«Кончать с теорией и становиться практиком»

«Кончать с теорией и становиться практиком» #

«Около 19.00 8 ноября Саблин В. М. обманным путем увлек командира корабля капитана 2-го ранга Потульного А. В. в гидроакустический пост, захлопнул люк и закрыл на замок, чем изолировал командира от личного состава. В дальнейшем вход в помещение, где был изолирован командир, находился под охраной ближайшего сообщника Саблина — матроса Шеина А. Н.»

«После изоляции командира корабля Саблин собрал 13 офицеров и 13 мичманов в мичманской кают-компании, изложил вынашиваемые с 1963 года мысли об имеющихся, по его мнению, нарушениях законности и справедливости в советском обществе. При этом он демагогически использовал общеизвестные недостатки, о которых сообщается в советской печати (отдельные факты злоупотреблений в торговле, нехватка некоторых товаров, нарушения правил приема в вузы, случаи очковтирательства и приписок, бюрократизма и использования служебного положения в личных целях и др.). Саблин преподносил все это как проявление отхода партии и правительства от ленинских положений в строительстве социализма».

Это — выдержки из совершенно секретного доклада комиссии, сформированной по приказу тогдашнего министра обороны СССР маршала А. А. Гречко «для расследования случая неповиновения, имевшего место 8 — 9 ноября 1975 года на большом противолодочном корабле «Сторожевой» 128-й бригады ракетных кораблей Балтийского флота».

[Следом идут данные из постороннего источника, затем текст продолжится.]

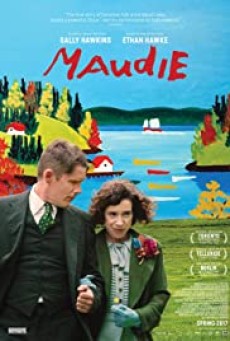 Maudie (2016) มอดี้ จากวันนั้นถึงนิรันดร - ดูหนังออนไลน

Итак, в мичманской кают-компании, один перед двадцатью шестью (двадцатью девятью, по другим сведениям) офицерами и мичманами, Валерий Саблин объявляет, что взял командование кораблем на себя и поведет его в Кронштадт, а потом в Ленинград, — с тем, чтобы с борта корабля, ставшего теперь независимой территорией, объявить четвертую коммунистическую революцию. Бросить якорь он предполагал рядом с легендарной «Авророй». Технические возможности корабельной радиоаппаратуры позволяли связаться с кронштадтскими и ленинградскими военными моряками и выступить перед сухопутными «трудящимися». Саблин надеялся на их солидарность («стоит только начать!»), которая поможет ему добиться выступления на телевидении, а уж после этого выступления революция начнется повсюду. «Надо разбудить народ от политической спячки!» — написал замполит в объяснительном письме, оставленном запертому в гидроакустической рубке капитану. На концертах корабельной самодеятельности они любили петь дуэтом…

После парада «Сторожевой» должен был идти на ремонт, поэтому весь его боезапас находился на берегу. Саблин решил, что это должно лишний раз продемонстрировать его благие намерения. Трудно сказать, чего было больше в плане Саблина — авантюризма или наивности. Впрочем, историю двигают вперед именно наивные авантюристы, иногда удачливо, чаще всего — неудачливо.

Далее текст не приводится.